PROVIDED MATERIAL
#####

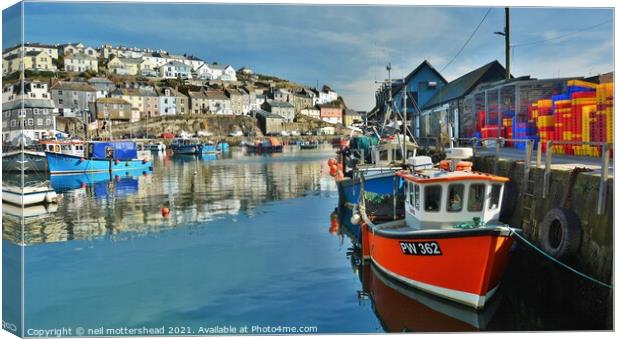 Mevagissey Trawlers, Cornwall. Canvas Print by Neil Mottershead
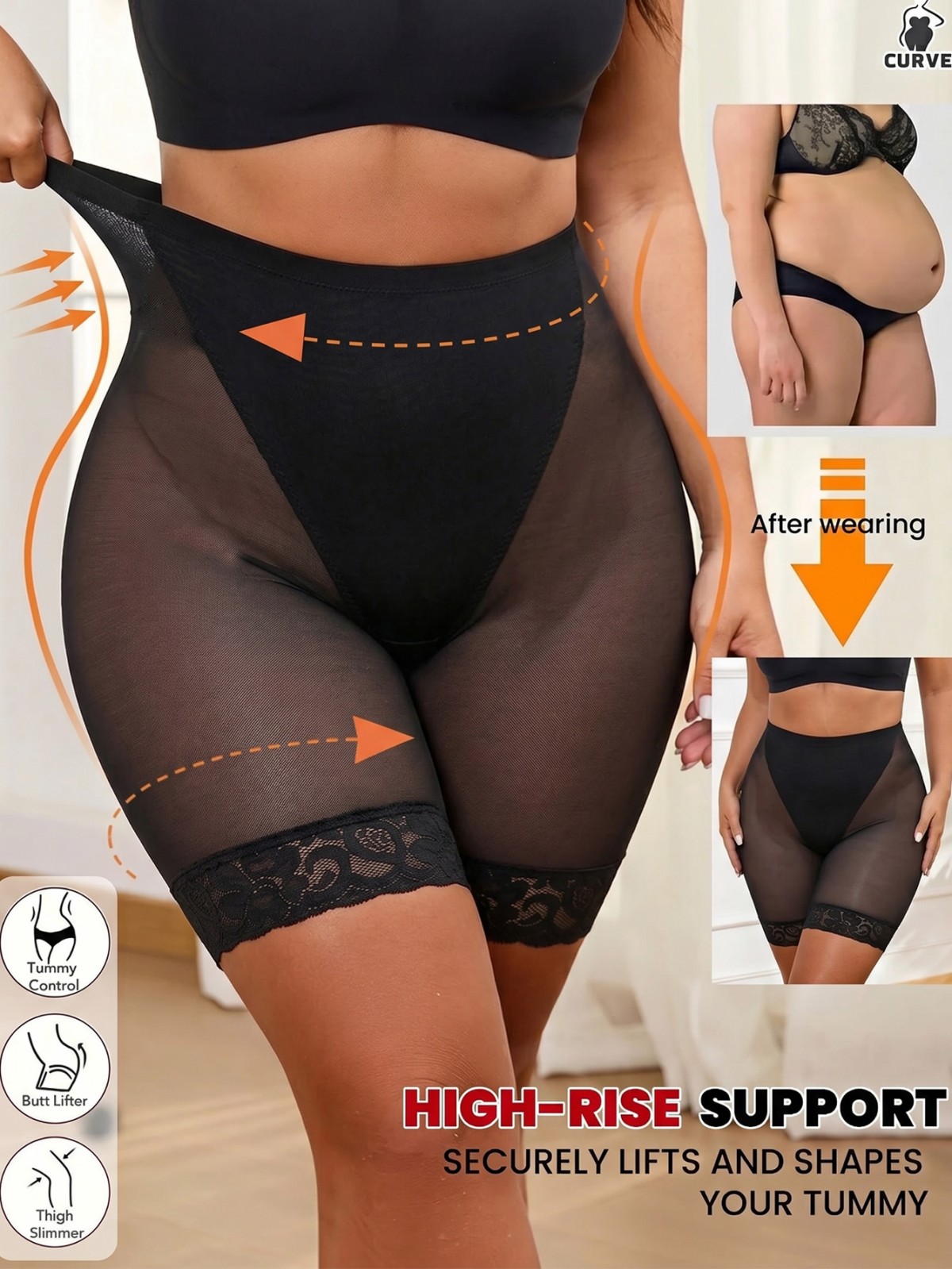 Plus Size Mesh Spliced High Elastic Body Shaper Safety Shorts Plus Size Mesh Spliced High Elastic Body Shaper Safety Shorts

#####

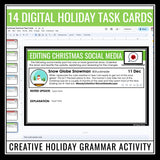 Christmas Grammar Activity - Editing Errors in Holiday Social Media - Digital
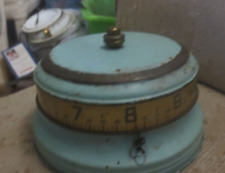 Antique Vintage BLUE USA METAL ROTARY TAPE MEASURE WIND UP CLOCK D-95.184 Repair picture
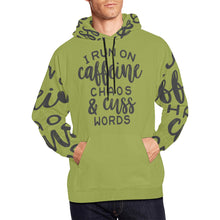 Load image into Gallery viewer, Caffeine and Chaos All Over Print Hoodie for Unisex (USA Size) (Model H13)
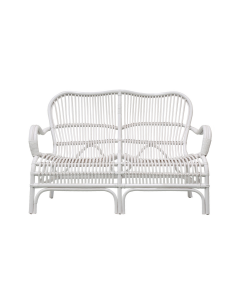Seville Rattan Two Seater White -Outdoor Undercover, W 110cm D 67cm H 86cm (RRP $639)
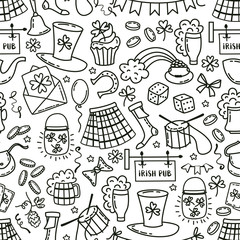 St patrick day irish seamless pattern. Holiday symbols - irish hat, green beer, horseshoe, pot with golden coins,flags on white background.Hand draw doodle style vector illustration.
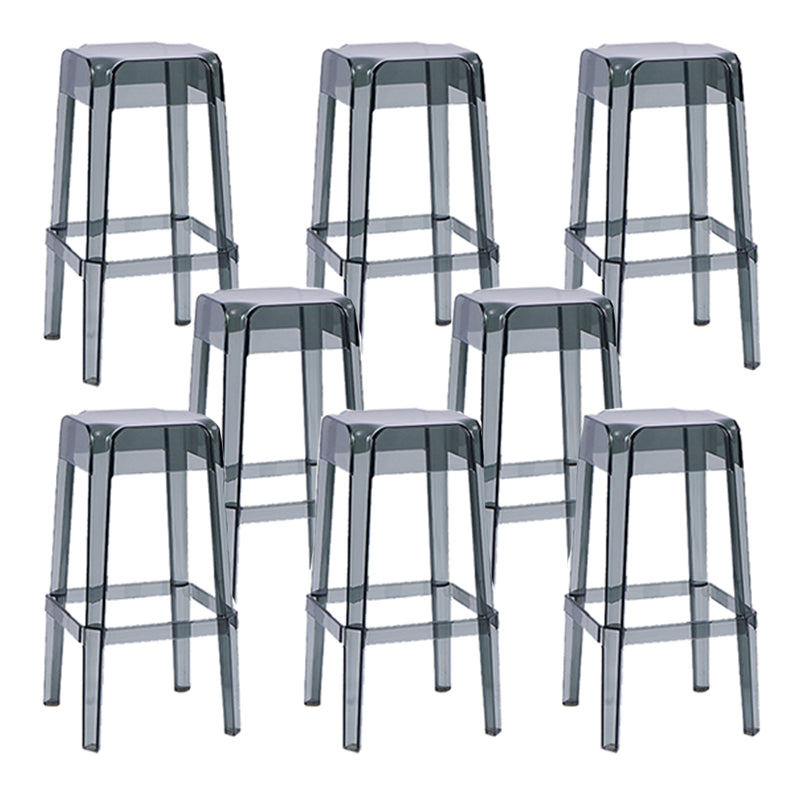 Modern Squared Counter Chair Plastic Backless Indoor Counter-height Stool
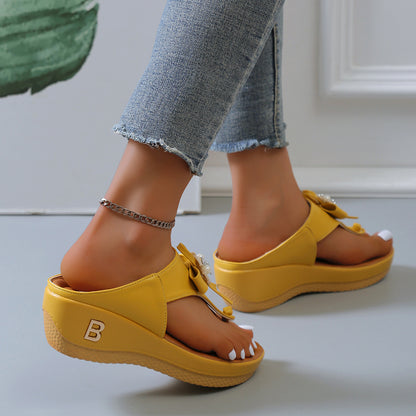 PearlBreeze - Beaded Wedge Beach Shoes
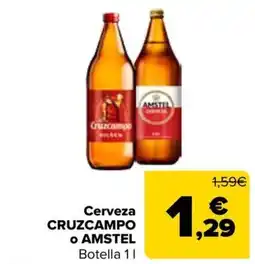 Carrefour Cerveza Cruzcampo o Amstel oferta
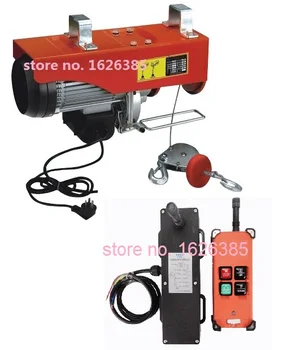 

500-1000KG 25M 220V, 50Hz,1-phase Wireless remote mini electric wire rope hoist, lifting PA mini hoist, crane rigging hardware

#####

EXERCISE DETAILS
The lines above from the line with "Modern Squared Counter" through the line with "500-1000KG 25M 220V, 50Hz,1-phase" are to be given again word for word, with no pictures among them.

RESPONSE TO THIS TASK
 Modern Squared Counter Chair Plastic Backless Indoor Counter-height Stool
 PearlBreeze - Beaded Wedge Beach Shoes
 Carrefour Cerveza Cruzcampo o Amstel oferta

500-1000KG 25M 220V, 50Hz,1-phase Wireless remote mini electric wire rope hoist, lifting PA mini hoist, crane rigging hardware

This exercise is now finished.